Kehidupan modern menuntut orang berpendidikkan tinggi agar mendapatkan hidup lebih baik. Keinginan mendapatkan pendidikan lebih baik ini mengakibatkan mobilitas penduduk ke pusat lapangan pekerjaan tidak terkendali. Seolah sudah menjadi takdir, bahwa setiap lulusan universitas jarang sekali mendapatkan pekerjaan yang sesuai dengan pendidikkan yang ia raih di daerah asalnya. Rata-Rata mendapatkan pekerjaan di kota besar yang jauh dari daerah ia dilahirkan. Inilah yang mendorong seseorang memiliki rumah pertama dengan penghasilannya di tempat ia bekerja. Rumah yang disediakan pengembang rata-rata seragam yaitu rumah dengan corak minimalis. Rumah jenis ini membuat seseorang menjauh dari rumah masa kecilnya yang masih bersinggungan dengan adat istiadat dan kebudayaannya.

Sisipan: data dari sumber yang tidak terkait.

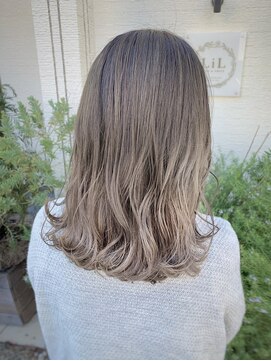 リル 新浜店(LiL) 2020 LiL hair by金岡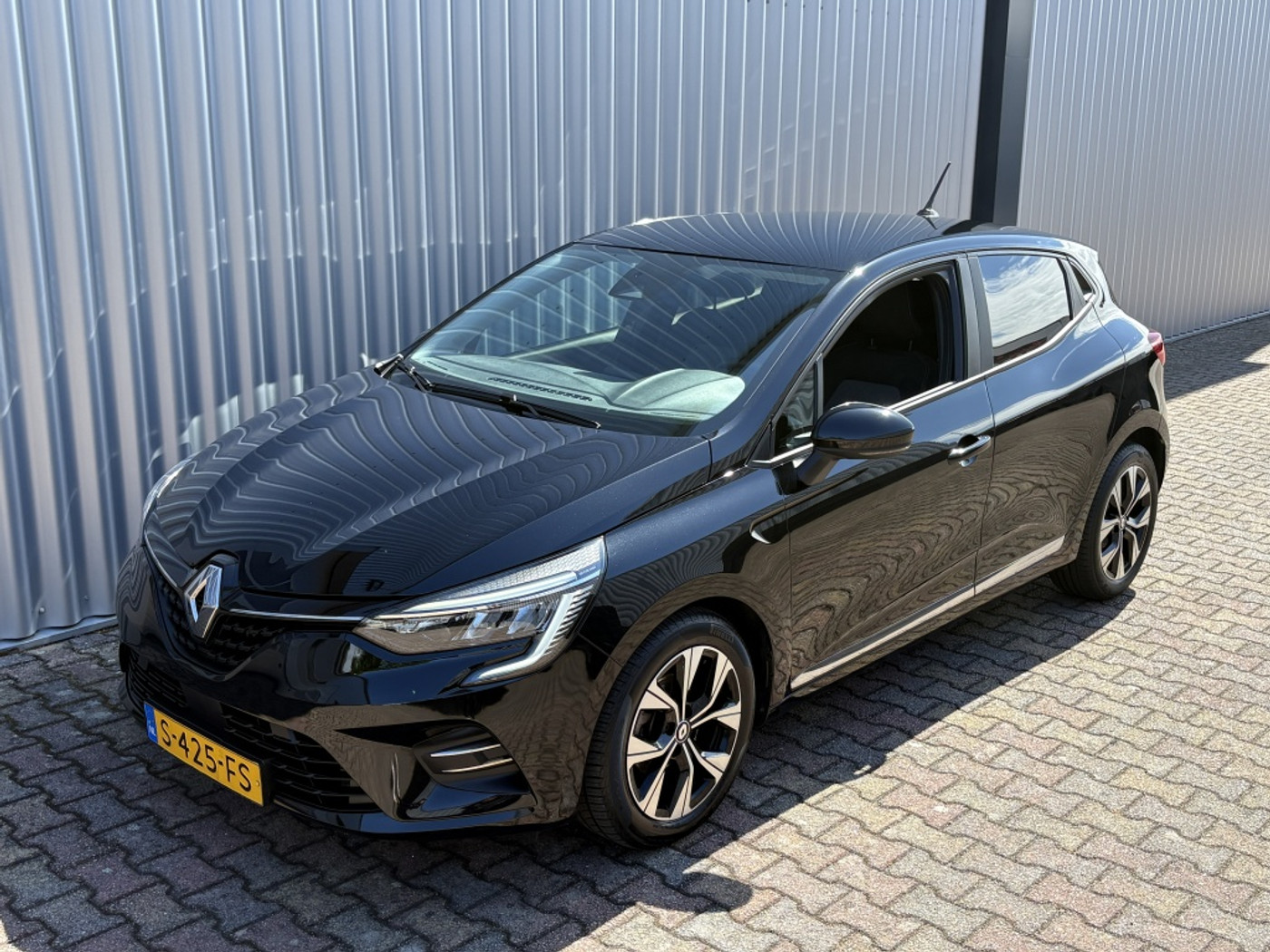 Foto van Renault Clio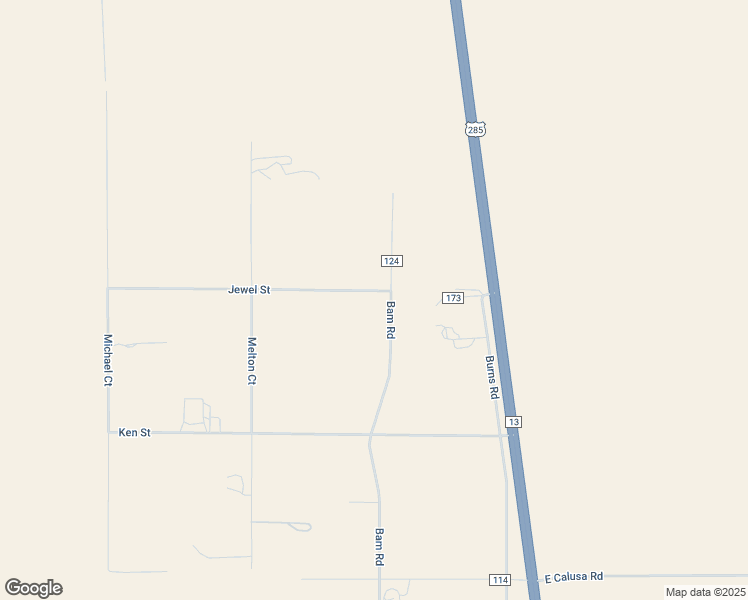 map of restaurants, bars, coffee shops, grocery stores, and more near 22 Bam Road in Dexter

Sehingga seringkali seseorang ingin pulang dan menjenguk kampung halamannya.
Bagaimana jika konsep kedua rumah di atas digabungkan menjadi sebuah rumah pertama yang mengembalikan seseorang ke kampung halaman? Bagaimama jika pengembang membangun komplek pemukiman dengan corak-corak rumah adat yang ada di Indonesia. Saya yakin akan banyak peminatnya. Terutama jika rumah yang dimaksud dalam gagasan ini dapat dibangun dengan subsidi pemerintah. Instansi pemerintah yang dapat mewujudkan hal ini tentu saja Kementerian PUPR.
Sebagaimana dikutip dari laman www.perumahan.pu.go.id, kementerian Pekerjaan Umum dan perumahan Rakyat (PUPR) memiliki kewenangan dan kemampuan untuk melaksanakan konsep rumah seperti ini melalui program “satu juta rumah” yang dicanangkan oleh Presiden Joko Widodo pada 29 April 2015. Berdasarkan laoran kinerja tahun 2019, jumlah rumah yang sudah dibangun per 31 Desember tahun 2019 yaitu sekitar 1.257.852 unit Rumah MBR dan Rumah Non MBR. Bantuan Stimulan Perumahan Swadaya Rumah merupakan Program teranyar Kementerian PUPR. Program ini melakukan bedah rumah terhadap rumah-rumah tidak layak huni di seluruh Indonesia. Program ini sangat membantu dan meningkatkan kualitas hidup rakyat di pelosok Nusantara.
Untuk mewujudkan diskursus ini, muncul sebuah proyeksi tawaran, bagaimana jika konsep arsitektur otentik dari ratusan rumpun kulutur ini dimasukkan dalam patronasi pembangunan perumahan di Indonesia? Ada perwujudan keadilan budaya di sini dan masyarakat tidak benar-benar tercerabut dari akar budayanya. Meskipun secara mobilitas sosial, mereka telah berpindah tempat, namun rumah yang mereka tempati masih menyimpan suasana di mana mereka dibesarkan secara fisik bahkan secara mental-spiritual. Sementara itu, rumah adat mereka yang asli barangkali akan segera roboh nun jauh di kampung halaman karena penghuninya telah berpindah karena tuntutan hidup modern.